Si hacemos un poco de memoria recordaremos que la tolerancia a las manifestaciones públicas de la religiosidad, en específico la católica, ha sido proporcional a las necesidades políticas y económicas del régimen. Ese nivel de instrumentalización de la fe se hizo evidente a inicios de los años 90, cuando hubo urgencia para atraer inversiones, no de ateos y de comunistas, sino de empresarios extranjeros judíos, musulmanes, cristianos, ortodoxos y católicos. Las tiendas en moneda convertible se adornaron con arbolitos. Algunas residencias pudientes plantaron nacimientos en sus jardines. Se aceptó la visita de un papa, Juan Pablo II.

Para desgracia de los cubanos que viven en la Isla, creyentes y no creyentes, Cuba no es sola vista con recelo fuera de sus fronteras por sus impagos y deudas financieras, sino porque una buena cantidad de empresarios no creen en nadie que no crea en nada.
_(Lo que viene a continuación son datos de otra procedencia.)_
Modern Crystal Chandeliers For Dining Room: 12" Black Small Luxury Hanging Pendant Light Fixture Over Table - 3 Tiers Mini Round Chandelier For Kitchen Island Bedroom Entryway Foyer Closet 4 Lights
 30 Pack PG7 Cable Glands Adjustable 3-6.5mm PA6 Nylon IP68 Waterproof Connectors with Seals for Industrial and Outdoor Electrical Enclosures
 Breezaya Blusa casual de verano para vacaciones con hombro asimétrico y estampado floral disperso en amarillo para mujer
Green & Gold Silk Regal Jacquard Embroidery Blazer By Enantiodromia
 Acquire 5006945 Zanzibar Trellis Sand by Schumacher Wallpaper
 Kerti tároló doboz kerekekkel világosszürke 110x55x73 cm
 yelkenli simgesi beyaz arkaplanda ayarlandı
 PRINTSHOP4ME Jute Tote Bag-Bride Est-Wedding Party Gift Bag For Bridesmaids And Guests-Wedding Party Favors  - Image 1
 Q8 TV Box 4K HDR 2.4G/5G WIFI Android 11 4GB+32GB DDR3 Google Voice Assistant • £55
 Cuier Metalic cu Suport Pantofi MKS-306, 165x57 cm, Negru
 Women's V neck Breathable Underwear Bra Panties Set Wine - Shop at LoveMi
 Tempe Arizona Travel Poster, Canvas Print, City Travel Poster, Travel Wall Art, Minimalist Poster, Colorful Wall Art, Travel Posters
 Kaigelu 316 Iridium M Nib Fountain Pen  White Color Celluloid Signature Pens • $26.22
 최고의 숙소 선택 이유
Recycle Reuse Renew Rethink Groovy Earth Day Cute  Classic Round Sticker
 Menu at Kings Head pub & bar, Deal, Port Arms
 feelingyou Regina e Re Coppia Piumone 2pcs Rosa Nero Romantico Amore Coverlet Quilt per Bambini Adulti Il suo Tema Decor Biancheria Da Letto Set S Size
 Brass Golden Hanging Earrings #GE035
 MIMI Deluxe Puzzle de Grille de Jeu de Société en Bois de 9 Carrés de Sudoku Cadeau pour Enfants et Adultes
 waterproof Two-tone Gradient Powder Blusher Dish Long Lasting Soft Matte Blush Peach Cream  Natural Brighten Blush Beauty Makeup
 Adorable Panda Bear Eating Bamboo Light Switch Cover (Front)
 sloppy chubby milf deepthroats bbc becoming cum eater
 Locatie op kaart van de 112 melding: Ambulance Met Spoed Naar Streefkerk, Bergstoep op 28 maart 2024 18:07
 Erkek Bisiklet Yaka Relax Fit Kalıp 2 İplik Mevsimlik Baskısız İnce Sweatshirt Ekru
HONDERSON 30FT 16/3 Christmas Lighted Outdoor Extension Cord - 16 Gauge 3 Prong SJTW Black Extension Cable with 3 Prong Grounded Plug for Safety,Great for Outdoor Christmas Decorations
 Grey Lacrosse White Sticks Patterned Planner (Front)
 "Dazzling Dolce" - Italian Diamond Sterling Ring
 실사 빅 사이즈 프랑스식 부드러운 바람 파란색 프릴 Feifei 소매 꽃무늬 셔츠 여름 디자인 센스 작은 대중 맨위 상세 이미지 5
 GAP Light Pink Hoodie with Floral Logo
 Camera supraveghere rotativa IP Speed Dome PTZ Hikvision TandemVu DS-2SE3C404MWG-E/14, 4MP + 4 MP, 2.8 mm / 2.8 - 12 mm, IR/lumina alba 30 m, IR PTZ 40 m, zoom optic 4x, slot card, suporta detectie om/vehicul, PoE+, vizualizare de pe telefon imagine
Aun peor: una ciudad apagada en diciembre, como lo es en estos momentos La Habana, que solo glorifica con carteles lumínicos y anuncios televisivos una revolución fracasada, no es confiable para invertir ni un solo peso. El animal asustadizo que es el millón de dólares no puede abrevar en un desierto espiritual ni en un oasis que ha demostrado ser un espejismo mal colocado.

Quizás el pueblo cubano no sea totalmente consciente del daño que ha provocado y provoca declararse ateo y comunista hoy; que José Martí, para nada católico sino liberal y masónico, habló de la necesidad de proteger y difundir los valores religiosos como alma ética, moral de una nación; que la oscuridad y la tristeza de la Navidad verdadera no se puede ocultar con conmemoraciones revolucionarias ni con loas a líderes que ya nada tienen que enseñarle al mundo; y que la ausencia de villancicos, películas alegóricas al cristianismo, procesiones y misas campales, son crímenes de lesa cultura, que no prescriben en la memoria espiritual de los pueblos.

Pero no son las jerarquías de las iglesias quienes deben rescatar la libertad religiosa, que no es predicar en un templo sino difundir por todos los medios y sin limitaciones los credos. Tampoco son los gobiernos quienes tienen que "tolerar" las religiones, pues solo basta con darles a los creyentes toda la libertad y la responsabilidad que pertenecen a los ciudadanos como derecho natural de libre asociación y pensamiento.

Es a los creyentes, y a los que no lo son tanto, a quienes verdaderamente corresponde celebrar la Navidad, publicitar sus esperanzas, estar alegres. Porque la alegría en semejante oscuridad es un grito de libertad, un desafío incontestable. Pedirle a Dios, o a quien no sea de este mundo, el 24 de diciembre y no el primero de enero, que el año que viene sea mejor para todos. Entonces, y solo entonces, cuando la oración este correctamente dirigida, la Navidad en la Isla no será triste nunca más.